**The task**. For this task, output exactly the lines of the material below starting at the line with "Miniatura per l'articolo" and ending at the line with "Agatator tip C, 6 x 75 x 18 mm, ZA, vrac"; pictures are to be excluded.

[Records to use — start]

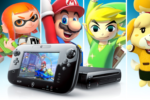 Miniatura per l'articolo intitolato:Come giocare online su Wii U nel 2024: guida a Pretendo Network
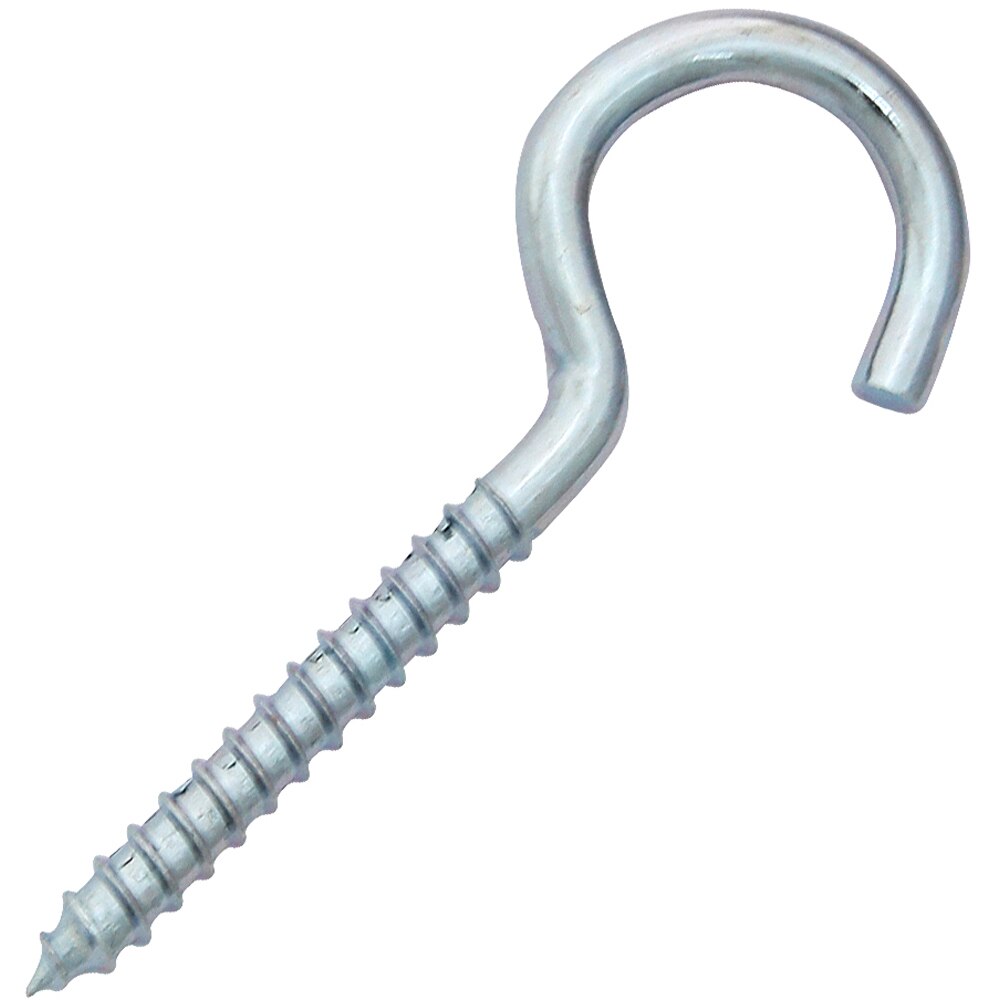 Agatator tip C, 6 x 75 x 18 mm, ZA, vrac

[Records to use — finish]
[Records to use — start]

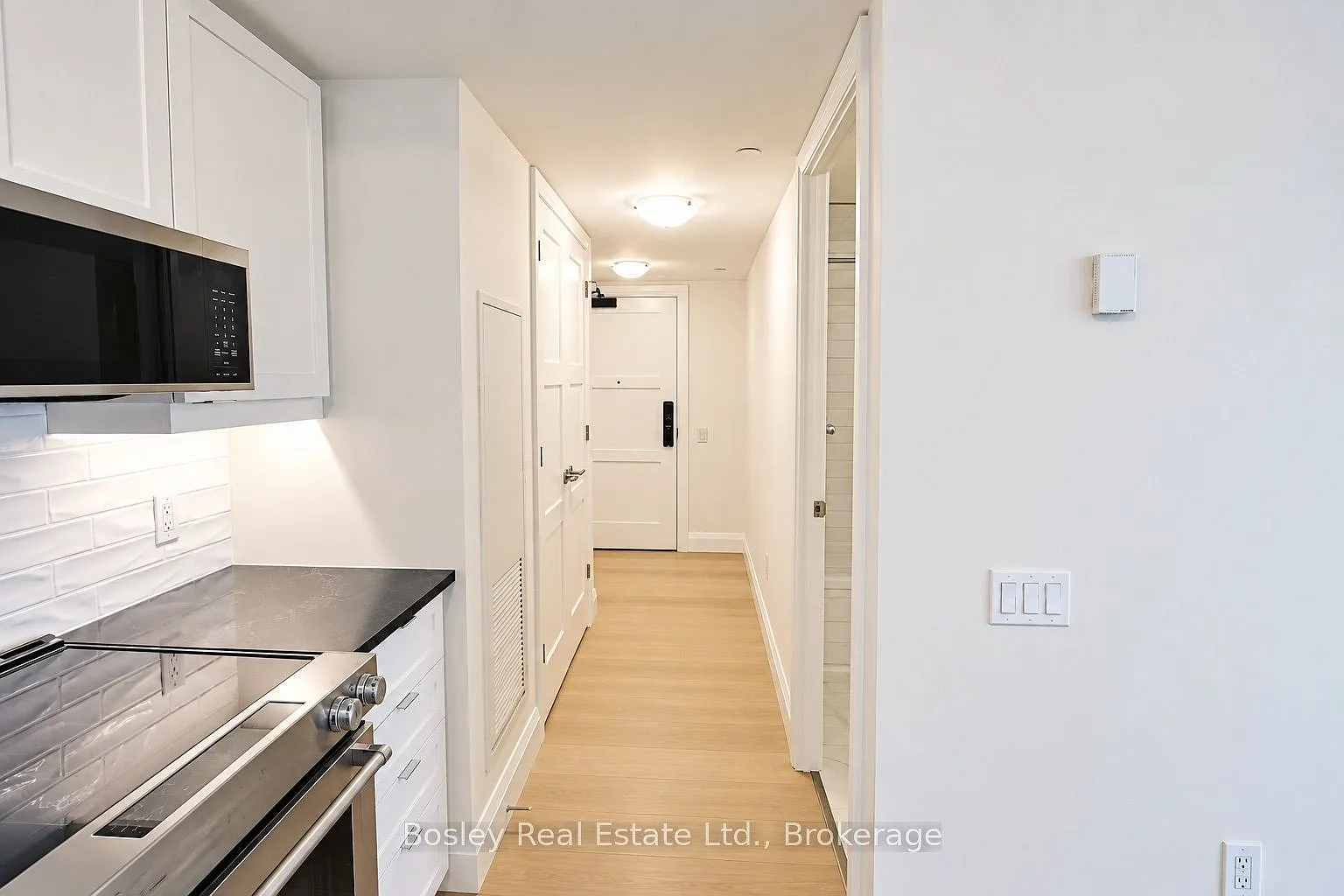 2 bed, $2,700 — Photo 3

[Records to use — finish]

**Problem solution**.
 Miniatura per l'articolo intitolato:Come giocare online su Wii U nel 2024: guida a Pretendo Network
 Agatator tip C, 6 x 75 x 18 mm, ZA, vrac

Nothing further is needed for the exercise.